Work request: The count of lines below that include the string "Leather" is the whole answer; write it alone.

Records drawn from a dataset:

● ● ● ●

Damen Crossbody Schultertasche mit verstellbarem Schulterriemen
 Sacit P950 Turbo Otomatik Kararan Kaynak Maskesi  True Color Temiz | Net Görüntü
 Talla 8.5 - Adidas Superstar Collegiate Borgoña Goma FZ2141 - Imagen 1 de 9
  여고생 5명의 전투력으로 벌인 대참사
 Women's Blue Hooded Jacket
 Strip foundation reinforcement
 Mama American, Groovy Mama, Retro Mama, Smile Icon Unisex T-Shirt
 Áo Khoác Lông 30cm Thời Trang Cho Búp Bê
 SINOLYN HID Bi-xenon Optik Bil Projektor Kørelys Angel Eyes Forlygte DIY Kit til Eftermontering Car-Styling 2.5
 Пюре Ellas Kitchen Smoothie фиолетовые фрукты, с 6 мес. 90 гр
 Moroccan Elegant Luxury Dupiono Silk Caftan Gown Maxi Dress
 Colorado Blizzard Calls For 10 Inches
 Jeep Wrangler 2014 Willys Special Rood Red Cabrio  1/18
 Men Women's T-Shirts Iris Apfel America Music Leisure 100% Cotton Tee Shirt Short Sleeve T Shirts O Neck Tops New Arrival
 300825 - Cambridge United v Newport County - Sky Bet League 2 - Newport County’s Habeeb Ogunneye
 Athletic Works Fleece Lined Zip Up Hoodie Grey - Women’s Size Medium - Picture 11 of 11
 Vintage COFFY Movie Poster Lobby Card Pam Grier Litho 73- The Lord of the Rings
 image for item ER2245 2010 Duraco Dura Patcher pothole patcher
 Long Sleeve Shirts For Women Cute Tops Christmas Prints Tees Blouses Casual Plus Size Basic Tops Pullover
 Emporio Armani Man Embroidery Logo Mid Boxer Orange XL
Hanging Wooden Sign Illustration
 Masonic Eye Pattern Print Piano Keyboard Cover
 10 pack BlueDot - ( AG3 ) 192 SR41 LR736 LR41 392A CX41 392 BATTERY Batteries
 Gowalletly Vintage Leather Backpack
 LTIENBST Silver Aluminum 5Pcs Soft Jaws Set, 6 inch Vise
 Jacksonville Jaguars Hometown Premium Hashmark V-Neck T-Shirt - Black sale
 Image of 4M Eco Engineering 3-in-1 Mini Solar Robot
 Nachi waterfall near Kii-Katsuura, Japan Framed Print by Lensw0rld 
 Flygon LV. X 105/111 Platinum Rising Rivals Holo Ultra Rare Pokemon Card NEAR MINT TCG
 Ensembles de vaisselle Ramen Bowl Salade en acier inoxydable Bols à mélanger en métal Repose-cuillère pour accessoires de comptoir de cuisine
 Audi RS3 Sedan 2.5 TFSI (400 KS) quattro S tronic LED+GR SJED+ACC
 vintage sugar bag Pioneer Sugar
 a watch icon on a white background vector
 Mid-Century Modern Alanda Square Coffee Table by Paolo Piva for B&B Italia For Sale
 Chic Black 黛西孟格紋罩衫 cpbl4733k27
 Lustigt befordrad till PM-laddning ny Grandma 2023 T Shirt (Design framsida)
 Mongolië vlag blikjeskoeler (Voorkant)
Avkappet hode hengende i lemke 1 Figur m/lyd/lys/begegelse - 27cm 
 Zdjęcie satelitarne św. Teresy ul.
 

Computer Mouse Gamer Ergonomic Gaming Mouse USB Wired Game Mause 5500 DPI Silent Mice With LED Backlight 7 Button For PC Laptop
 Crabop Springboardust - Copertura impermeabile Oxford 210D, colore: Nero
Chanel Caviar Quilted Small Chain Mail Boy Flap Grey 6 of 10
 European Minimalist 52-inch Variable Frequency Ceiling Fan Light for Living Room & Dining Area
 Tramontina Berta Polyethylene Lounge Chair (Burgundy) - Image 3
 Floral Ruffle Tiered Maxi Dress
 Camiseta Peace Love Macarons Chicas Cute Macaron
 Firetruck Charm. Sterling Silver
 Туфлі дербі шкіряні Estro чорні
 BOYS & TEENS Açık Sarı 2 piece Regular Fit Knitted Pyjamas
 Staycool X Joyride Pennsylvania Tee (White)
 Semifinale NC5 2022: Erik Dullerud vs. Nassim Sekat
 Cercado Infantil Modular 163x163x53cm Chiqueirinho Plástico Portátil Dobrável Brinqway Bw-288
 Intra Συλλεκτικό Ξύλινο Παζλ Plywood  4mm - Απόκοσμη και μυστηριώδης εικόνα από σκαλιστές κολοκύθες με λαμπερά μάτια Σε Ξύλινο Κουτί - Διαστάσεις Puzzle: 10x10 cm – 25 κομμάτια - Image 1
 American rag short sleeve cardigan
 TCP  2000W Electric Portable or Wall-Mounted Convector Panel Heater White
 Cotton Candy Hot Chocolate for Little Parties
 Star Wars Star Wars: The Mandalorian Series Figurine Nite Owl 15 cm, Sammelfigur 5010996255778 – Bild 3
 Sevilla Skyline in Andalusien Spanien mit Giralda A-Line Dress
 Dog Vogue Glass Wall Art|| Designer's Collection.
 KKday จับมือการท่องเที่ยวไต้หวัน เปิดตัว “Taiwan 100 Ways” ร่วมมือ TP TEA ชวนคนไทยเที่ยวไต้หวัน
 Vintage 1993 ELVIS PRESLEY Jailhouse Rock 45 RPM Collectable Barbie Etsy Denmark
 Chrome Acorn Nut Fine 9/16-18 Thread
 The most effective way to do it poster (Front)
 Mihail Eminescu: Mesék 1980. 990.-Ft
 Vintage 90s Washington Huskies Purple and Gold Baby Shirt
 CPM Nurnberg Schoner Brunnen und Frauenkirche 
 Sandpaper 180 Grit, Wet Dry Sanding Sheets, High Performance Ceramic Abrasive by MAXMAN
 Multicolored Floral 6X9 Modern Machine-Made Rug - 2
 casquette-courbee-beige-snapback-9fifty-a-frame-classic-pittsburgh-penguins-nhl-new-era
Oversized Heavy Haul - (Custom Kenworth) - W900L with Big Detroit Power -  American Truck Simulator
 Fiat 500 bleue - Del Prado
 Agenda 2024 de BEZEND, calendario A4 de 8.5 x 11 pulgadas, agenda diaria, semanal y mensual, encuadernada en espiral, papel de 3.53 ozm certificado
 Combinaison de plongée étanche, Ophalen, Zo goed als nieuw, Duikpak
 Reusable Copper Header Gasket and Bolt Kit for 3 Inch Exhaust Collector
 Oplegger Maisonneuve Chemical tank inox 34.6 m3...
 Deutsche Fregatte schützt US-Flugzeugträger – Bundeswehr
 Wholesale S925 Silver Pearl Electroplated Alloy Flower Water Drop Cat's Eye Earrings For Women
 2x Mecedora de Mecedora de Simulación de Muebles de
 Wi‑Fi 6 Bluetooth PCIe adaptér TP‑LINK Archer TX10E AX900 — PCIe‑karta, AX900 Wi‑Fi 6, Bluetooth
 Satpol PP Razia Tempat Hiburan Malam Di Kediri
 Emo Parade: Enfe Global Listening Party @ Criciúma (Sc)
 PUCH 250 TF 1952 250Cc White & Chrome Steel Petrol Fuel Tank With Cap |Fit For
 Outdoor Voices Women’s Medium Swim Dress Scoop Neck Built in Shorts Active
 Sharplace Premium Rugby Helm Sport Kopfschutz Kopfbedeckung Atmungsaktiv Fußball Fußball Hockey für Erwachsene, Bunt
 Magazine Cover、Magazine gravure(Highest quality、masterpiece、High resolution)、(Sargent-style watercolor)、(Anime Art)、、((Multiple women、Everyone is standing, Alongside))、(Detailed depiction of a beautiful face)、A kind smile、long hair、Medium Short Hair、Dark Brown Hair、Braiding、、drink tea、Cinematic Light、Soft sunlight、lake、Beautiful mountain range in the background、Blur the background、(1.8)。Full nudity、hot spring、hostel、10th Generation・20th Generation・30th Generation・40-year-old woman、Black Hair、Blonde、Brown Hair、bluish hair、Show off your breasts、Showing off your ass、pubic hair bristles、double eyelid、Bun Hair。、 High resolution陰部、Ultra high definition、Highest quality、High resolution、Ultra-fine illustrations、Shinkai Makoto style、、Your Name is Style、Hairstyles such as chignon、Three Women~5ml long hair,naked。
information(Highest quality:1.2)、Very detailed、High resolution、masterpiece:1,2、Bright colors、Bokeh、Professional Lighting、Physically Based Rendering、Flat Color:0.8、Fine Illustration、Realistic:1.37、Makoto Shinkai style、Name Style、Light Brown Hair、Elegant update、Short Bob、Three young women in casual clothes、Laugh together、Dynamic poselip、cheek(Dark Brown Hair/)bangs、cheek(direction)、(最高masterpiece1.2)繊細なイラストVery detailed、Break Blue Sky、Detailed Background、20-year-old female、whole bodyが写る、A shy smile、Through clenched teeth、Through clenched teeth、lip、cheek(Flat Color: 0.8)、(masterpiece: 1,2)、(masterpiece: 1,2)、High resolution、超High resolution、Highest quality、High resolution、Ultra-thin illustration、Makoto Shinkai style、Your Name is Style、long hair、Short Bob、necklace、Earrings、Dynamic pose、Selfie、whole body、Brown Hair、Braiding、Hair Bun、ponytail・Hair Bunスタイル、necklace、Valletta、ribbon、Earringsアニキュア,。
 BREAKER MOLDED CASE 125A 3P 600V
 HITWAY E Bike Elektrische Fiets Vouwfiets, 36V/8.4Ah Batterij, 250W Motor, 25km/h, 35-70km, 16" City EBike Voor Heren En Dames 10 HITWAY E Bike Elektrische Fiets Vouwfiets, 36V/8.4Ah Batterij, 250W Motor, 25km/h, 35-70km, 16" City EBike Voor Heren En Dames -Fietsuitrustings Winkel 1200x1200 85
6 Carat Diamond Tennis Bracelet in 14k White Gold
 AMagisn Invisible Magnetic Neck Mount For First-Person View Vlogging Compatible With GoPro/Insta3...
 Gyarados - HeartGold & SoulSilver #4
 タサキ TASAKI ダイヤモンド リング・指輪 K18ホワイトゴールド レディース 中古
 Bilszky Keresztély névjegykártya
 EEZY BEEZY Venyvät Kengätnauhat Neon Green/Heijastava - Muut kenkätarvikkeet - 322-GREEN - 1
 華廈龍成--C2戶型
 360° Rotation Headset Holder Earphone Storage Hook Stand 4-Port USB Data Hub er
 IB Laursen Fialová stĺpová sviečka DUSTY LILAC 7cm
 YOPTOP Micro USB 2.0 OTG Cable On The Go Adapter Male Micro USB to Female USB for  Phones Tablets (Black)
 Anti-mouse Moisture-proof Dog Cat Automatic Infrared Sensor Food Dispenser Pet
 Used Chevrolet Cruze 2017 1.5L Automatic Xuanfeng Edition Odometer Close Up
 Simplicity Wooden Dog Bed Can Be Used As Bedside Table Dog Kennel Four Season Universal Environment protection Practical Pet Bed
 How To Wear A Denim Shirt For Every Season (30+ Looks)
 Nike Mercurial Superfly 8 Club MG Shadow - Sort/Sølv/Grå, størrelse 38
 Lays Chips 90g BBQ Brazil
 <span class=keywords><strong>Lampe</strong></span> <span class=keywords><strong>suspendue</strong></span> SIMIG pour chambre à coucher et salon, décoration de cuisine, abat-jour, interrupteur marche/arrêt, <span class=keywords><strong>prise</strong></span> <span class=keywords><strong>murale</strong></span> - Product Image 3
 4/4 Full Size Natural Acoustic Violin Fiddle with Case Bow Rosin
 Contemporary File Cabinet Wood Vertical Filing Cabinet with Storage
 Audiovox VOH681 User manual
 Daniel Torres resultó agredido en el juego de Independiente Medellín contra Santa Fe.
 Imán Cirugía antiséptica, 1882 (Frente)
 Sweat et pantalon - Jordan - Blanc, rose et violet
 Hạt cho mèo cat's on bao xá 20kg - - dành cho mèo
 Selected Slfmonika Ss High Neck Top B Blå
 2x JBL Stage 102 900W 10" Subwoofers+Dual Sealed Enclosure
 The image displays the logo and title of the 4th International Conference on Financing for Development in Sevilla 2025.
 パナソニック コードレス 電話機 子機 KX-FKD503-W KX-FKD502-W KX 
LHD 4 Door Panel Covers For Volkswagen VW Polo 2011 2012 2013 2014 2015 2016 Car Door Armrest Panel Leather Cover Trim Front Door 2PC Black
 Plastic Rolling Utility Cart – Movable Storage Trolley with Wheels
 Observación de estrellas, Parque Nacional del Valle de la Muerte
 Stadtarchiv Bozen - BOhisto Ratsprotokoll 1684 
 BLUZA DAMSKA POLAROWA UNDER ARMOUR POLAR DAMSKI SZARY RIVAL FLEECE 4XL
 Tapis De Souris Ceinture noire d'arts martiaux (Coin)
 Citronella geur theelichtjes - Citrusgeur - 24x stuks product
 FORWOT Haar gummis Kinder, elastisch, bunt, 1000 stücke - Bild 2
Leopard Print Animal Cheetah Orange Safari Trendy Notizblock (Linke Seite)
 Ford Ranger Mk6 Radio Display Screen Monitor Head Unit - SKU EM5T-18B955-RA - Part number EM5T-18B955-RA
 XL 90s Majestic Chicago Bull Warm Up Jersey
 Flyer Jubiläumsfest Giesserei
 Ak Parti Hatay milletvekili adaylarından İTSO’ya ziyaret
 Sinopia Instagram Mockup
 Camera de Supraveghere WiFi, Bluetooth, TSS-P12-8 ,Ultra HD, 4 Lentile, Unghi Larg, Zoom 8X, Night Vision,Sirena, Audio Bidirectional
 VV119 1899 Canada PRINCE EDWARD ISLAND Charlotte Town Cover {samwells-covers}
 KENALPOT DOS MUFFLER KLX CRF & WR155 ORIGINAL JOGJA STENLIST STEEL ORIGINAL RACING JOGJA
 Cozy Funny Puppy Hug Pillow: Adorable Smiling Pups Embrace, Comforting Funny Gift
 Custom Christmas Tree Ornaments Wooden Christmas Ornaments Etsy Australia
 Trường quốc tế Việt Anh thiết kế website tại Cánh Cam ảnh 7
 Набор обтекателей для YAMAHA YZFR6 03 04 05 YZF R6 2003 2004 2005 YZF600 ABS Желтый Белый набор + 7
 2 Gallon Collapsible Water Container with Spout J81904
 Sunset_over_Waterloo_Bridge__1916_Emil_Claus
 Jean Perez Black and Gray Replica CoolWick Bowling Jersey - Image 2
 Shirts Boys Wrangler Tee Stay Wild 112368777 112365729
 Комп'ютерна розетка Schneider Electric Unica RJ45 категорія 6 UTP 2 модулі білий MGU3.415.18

● ● ● ●

Task answer: 2